Are lively discussions more likely to develop around a video clip or an assigned text?

There is a very lively atmosphere whenever I use the clips to explain some point or drive the main message home. It is a very effective way of getting a discussion going quickly, of making everyone feel relaxed. When the lights are dimmed, the classroom has a certain atmosphere of the cinema. The students feel like they are drawn into something and it helps their concentration. It’s a very different atmosphere for discussion than the normal class, where students may feel like there is little room for escape.

Has your use of video and images revealed anything about differences in learning styles?
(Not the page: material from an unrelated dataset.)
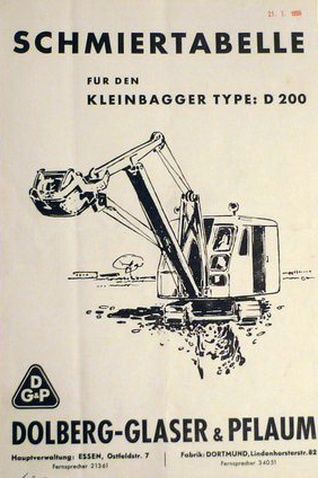 Dolberg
Can you compare the performance of current students against that of students in your classes which were primarily text-based?

When I was teaching at Yale we didn’t use any visual media. The discussion was always based on texts. I used to spend more time warming everyone up for discussion. Today, students are more receptive to the visual mode. It’s more a generational issue than about specific learning styles. The use of media also provides an advantage for first-year and second-year students. My use of the image database and video makes them comfortable; they don’t feel like there is so much ladder climbing. I punctuate a normal course, where full-length novels are assigned, with films. Every third or fourth week I assign a film related to the same theme, theory or school of thought, and it immediately refreshes the whole atmosphere. After a few novels the students become very bored and often passive, and this helps them to rekindle interest and quicken the learning sensibility.

You describe your fourth year Chinese course as “communicative in approach, text-based and media aided.” Can you elaborate on how you use media for advanced language instruction?

My fourth-year Chinese course is very text intensive, but I sometimes change the learning environment by changing the medium. I use a few chapters from a video textbook, called China Scene, in which there is footage of TV coverage, interviews of celebrities and entrepreneurs. I space a few of these out over the semester. I help the students with a list of vocabulary and then show the interviews on video (which do not have subtitles) one time in class. It’s real-life linguistic training because there is generally background noise in the interviews. They need to make sense of it. It provides an opportunity to discuss body language, tone, atmosphere and other aspects of this journalistic coverage that contributes to or distracts from the message. I also ask the students to watch clips from Chinese feature films and talk about them in class. In the future I would like to incorporate other kinds of film, like documentaries and personal profiles, and build up an archive of digital clips.

Your Chinese Avant-Garde and Modern Cultures courses list ‘focused inquiry and writing’ among their curricular renewal objectives. Do you allow your students to construct ‘written’ inquiries using audio, images and video?

I have not yet tried it out, but it is my intention to do so, after my collections of art images (in the Media Database) are complete. I will make the whole catalog available to students who will be assigned to create their own collections and incorporate texts. So far, only one of my students has written a paper that incorporates the images I have on the web. It was something that she decided to do on her own, and it was a very successful and original project.

Should scholars use media to construct cultural critiques, or is that something best reserved for artists?

I believe scholars will do this sooner or later. Text alone is very delimiting, especially when teaching the history of non-western cultures. Using different forms of media has helped facilitate my teaching and has also opened my eyes for research. Media is not just a medium. It lends itself to the teaching of cultural critique and makes a new form of cultural critique possible. Even though some of us may ultimately reject it, we have to allow methodological change.